Brazil Rejects U.S. Anti-Dumping Ruling On Steel, May Go To WTO

2 August 2016

Brazil will wait for the U.S. International Trade Commission to rule on a Department of Commerce anti-dumping determination on its cold-rolled steel before appealing to the World Trade Organization, a senior Brazilian official said on Monday.

The Commerce Department said last week that Brazilian cold-rolled steel was being subsidized by seven export promotion programs in Brazil and passed its anti-dumping determination to the ITC to rule whether there is injury to U.S. producers.

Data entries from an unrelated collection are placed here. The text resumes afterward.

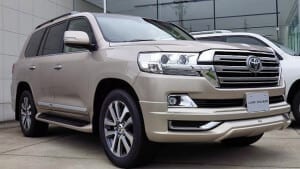 2015 Landcruiser in silver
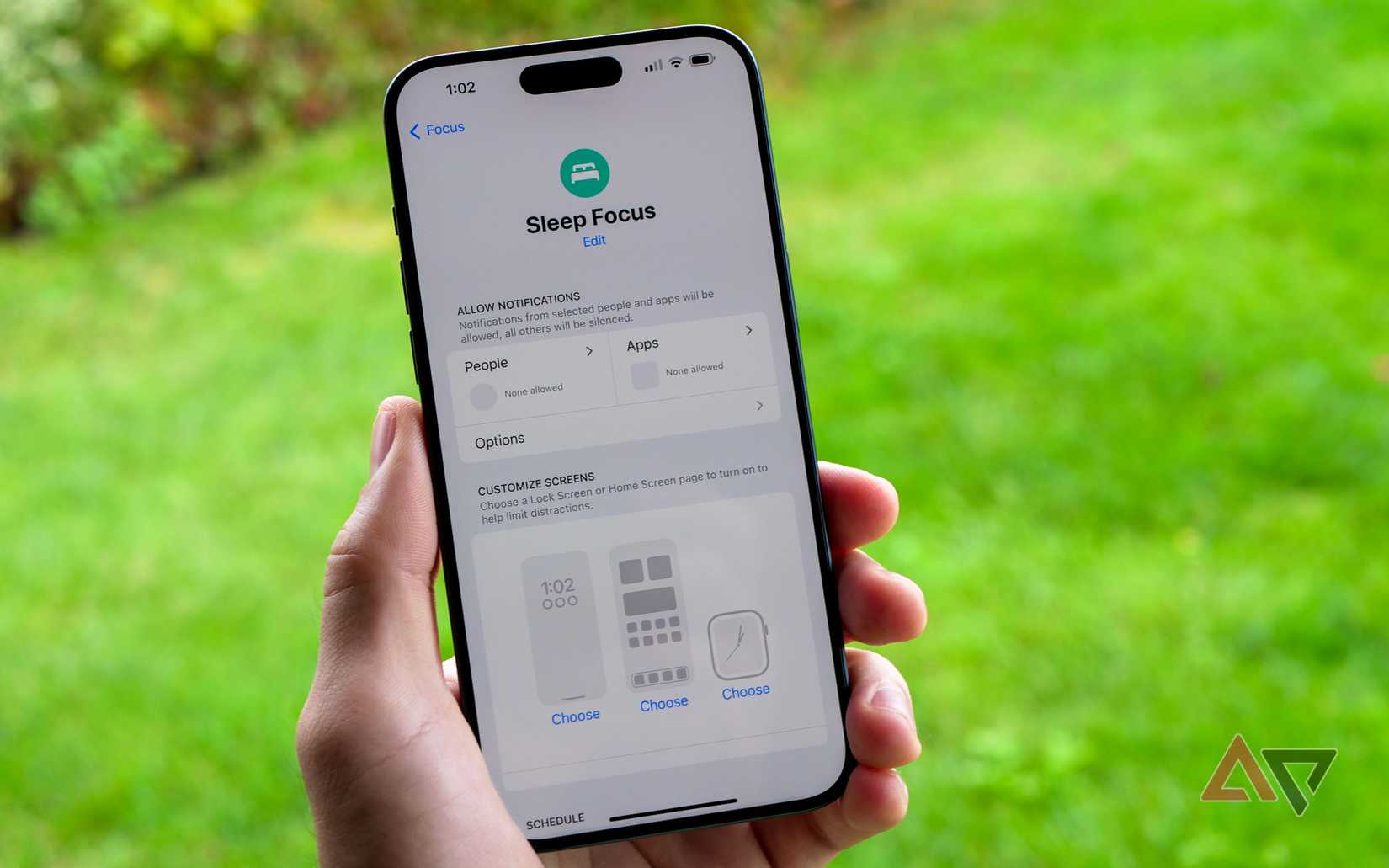 Best foldable phones AP feature image with Samsung Galaxy Z Fold 6 on the left and Motorola Razr+ (2024) on the left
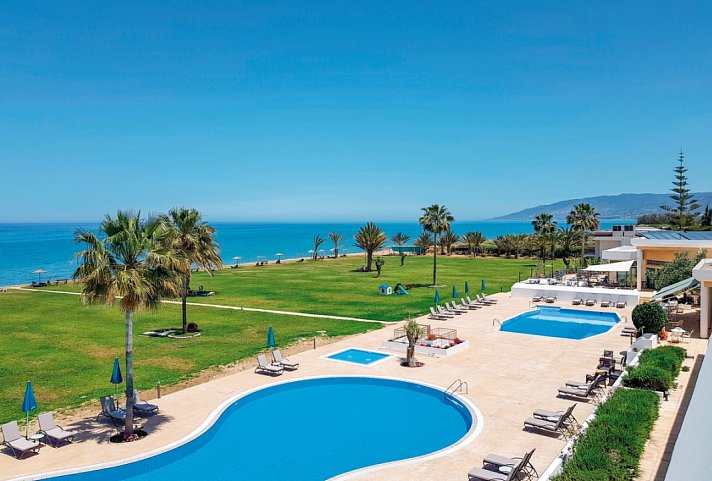 Natura Beach Hotel & Villas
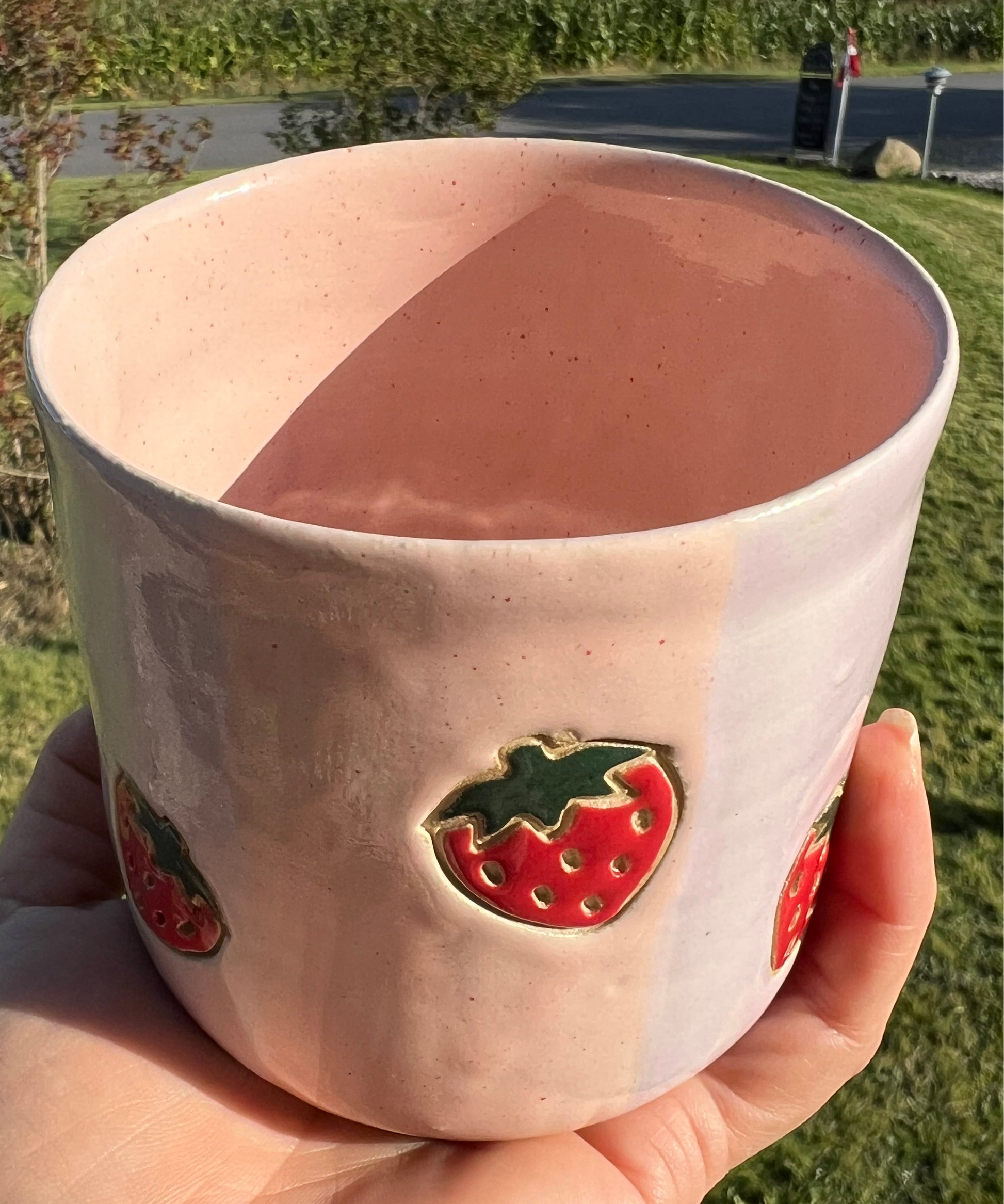 Krus i lyserød fra Handmade by Victoria Juul 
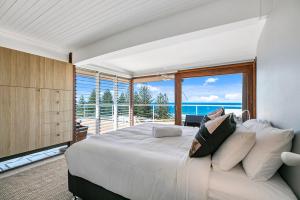 Seascape Pet Friendly Ocean Views Sunshine Beach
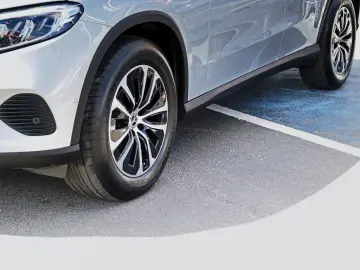 MERCEDES-BENZ GLC 220 d 4M AVANTGARDE ADV PANO LED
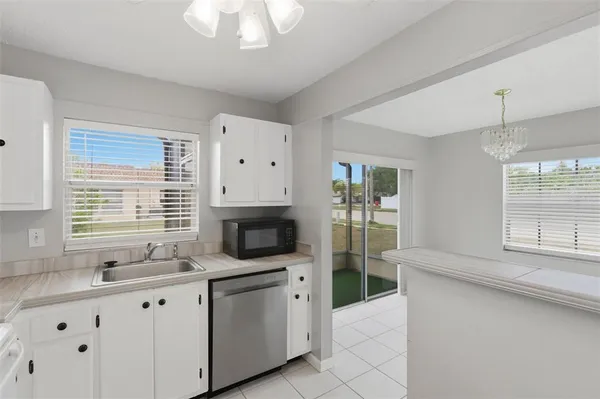 $2,100 | 9992 86th Street, Seminole, FL 33777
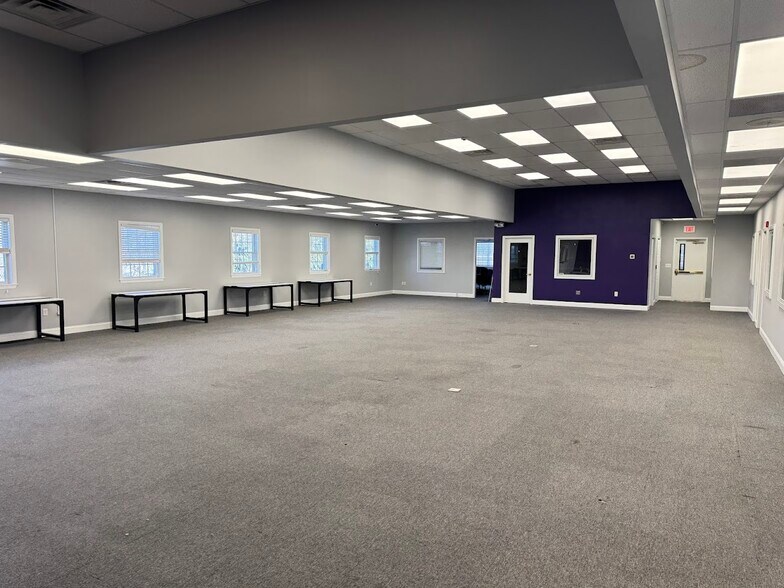 More Photos Of 5070 Route 42, Turnersville Office For Lease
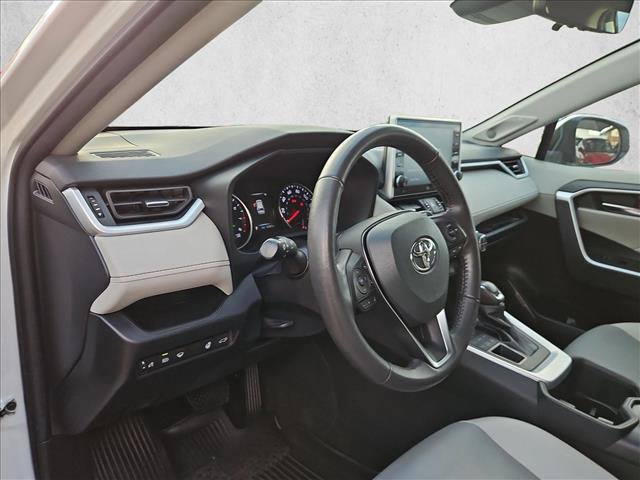 Used 2022 Toyota RAV4 XLE Premium AWD/4WD image 9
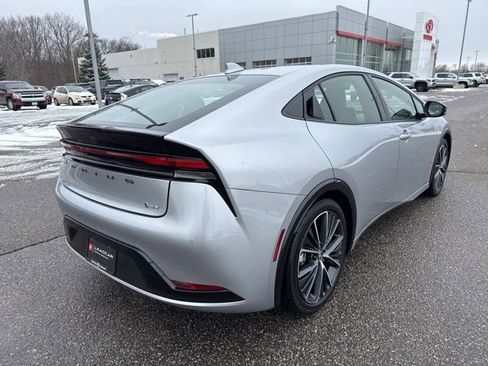 Used 2025 Toyota Prius XLE image 11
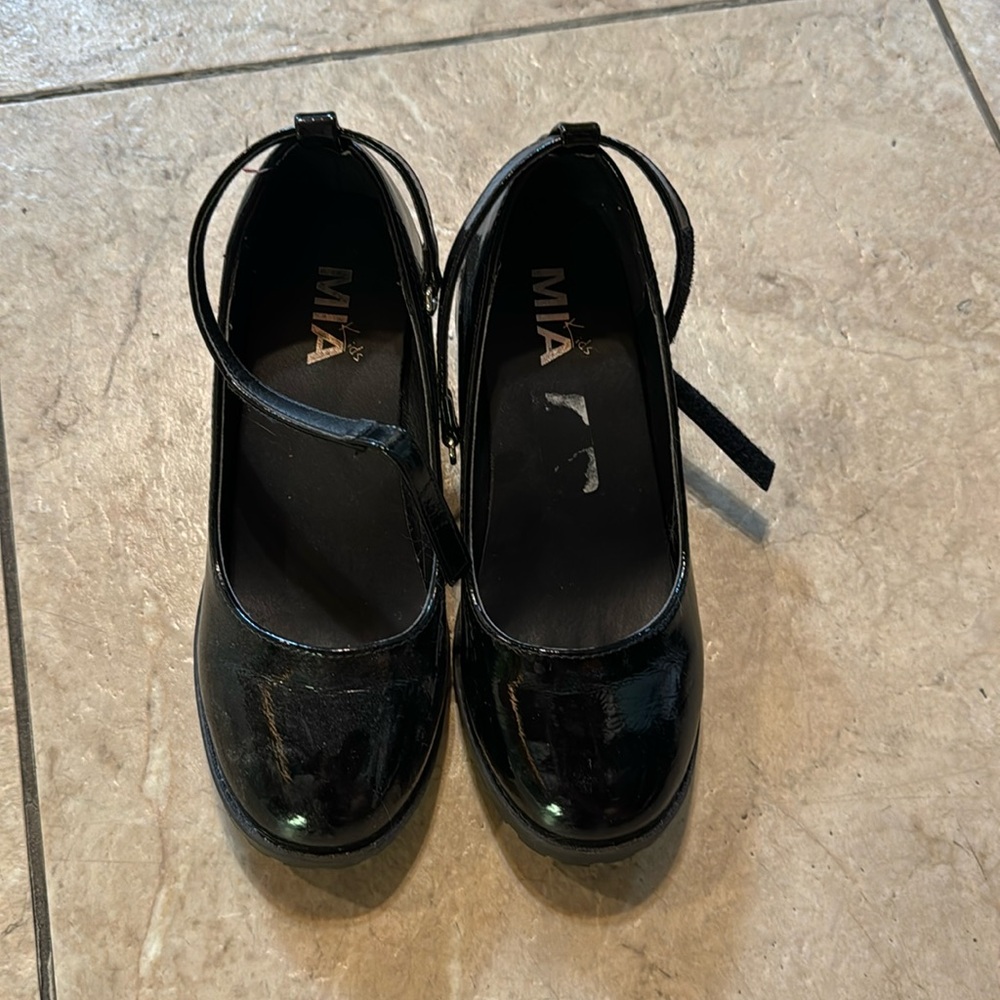 Black dress shoes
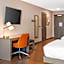 Cambria Hotel & Suites Plymouth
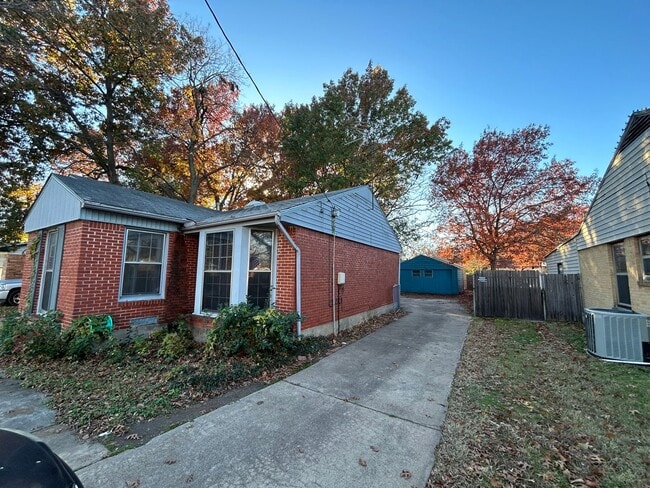 Photo - 1111 Lucille St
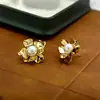 Pendientes de Botón de Flor Tridimensional Metálicos Minimalistas Retro Estilo Francés de Perla de Alto Brillo para Mujer, Pendientes de Diseño Único y Exagerado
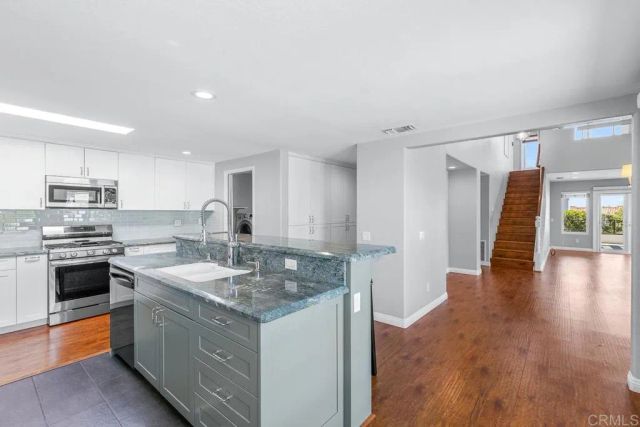 4169 Rhodes Way, Oceanside, CA 92056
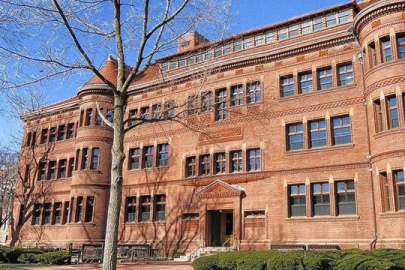 ABD yönetimi, Harvard Üniversitesine sağlanacak federal fonları durdurmak için harekete geçti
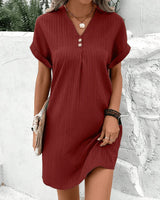 Emireya – Lässiges T-Shirt-Kleid mit geripptem V-Ausschnitt und Knopfleiste – Rot
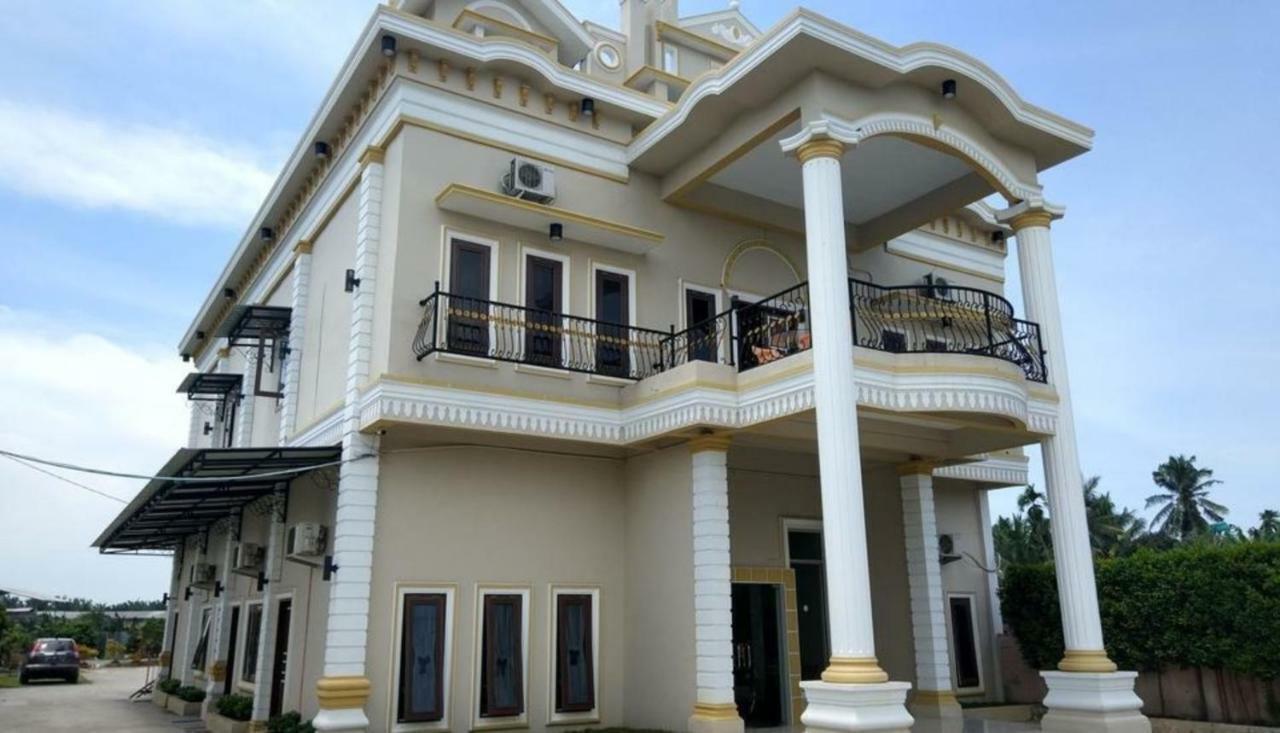 Sungairampah Hotel Grand Family מראה חיצוני תמונה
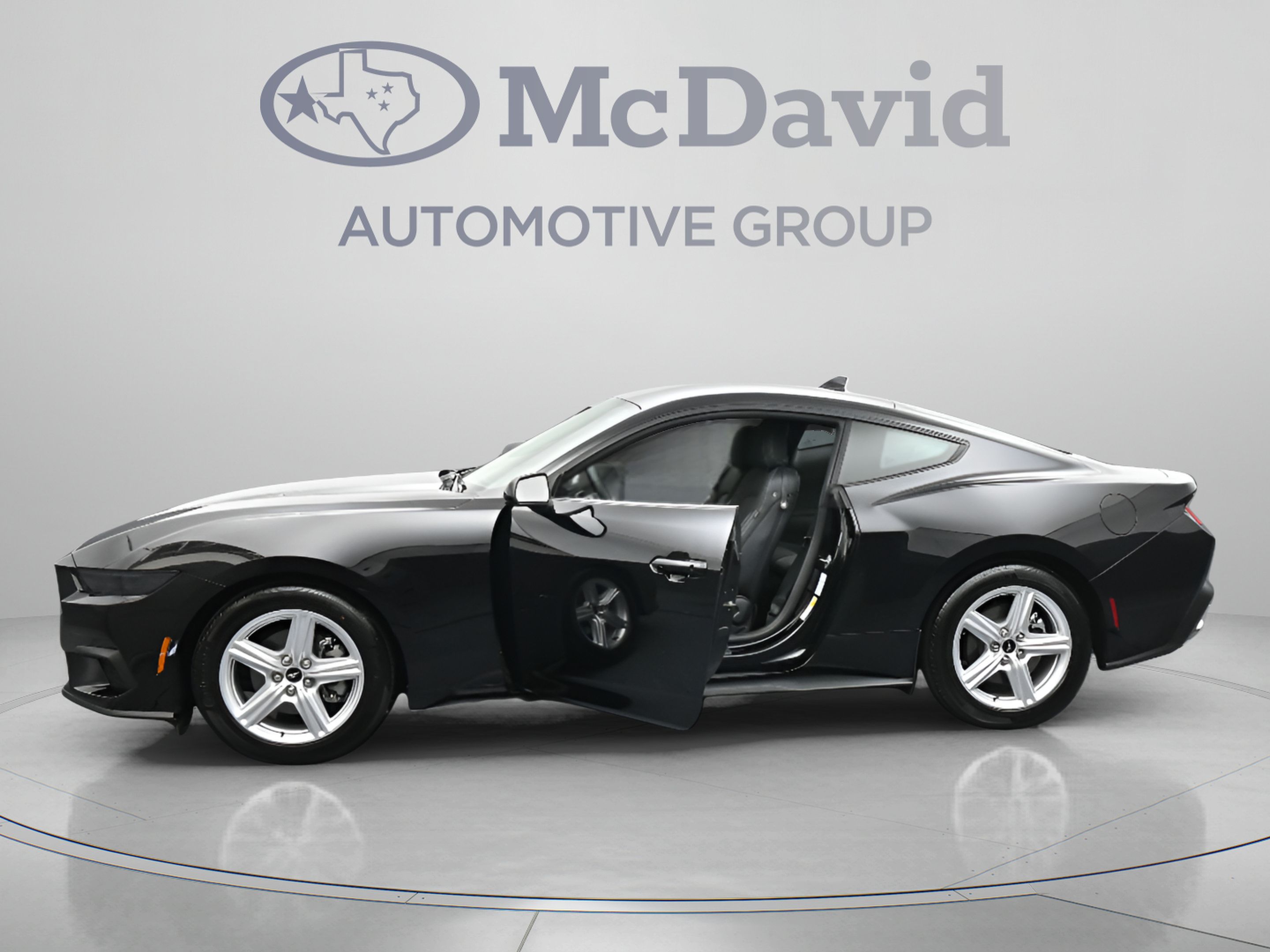 Used 2026 Ford Mustang Coupe RWD image 41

That could lead to countervailing duties of up to 11 percent on cold-rolled steel exported to the United States. That trade, worth $285 million in 2015, is dominated by two Brazilian companies, Cia. Siderúrgica Nacional SA and Usinias Siderurgicas de Minas Gerais SA, a trade valued a $285 million in 2015.

The U.S. case targets Brazilian incentive programs that include the so-called "ex-tarifario" and drawback regimes that reduce import taxes on machines and inputs for making steel.

"Never before in the history of Brazilian foreign trade has anyone questioned the 'ex-tarifario' and drawback programs," Brazil's undersecretary of foreign trade, Daniel Godinho, told Reuters by telephone.

Godinho said the "ex-tarifario" program actually benefits U.S. machinery makers, the second most important source of capital goods imported by Brazilian industry, while the drawback program was used by all countries, under a "golden principle" of international trade that you do not export taxes.

"We disagree with the determination and we will wait for the ITC decision, which we expect in September, before deciding what we will do," he said.

Brazilian cold-rolled steel is mostly exported for the auto and appliances industries but it is also used for a wide variety of products that require high strength such as steel bars and rods. With the current global economic slowdown, supply of the product exceeds demand and producers are fighting to protect their businesses from steel being sold below market prices.

Brazil is vulnerable to dumping charges because steel is often sold at above world prices in its domestic market meaning exports can cost less.

Another U.S. anti-dumping investigation is looking at Brazilian hot-rolled steel exports to the United States, which were worth over $1 billion last year.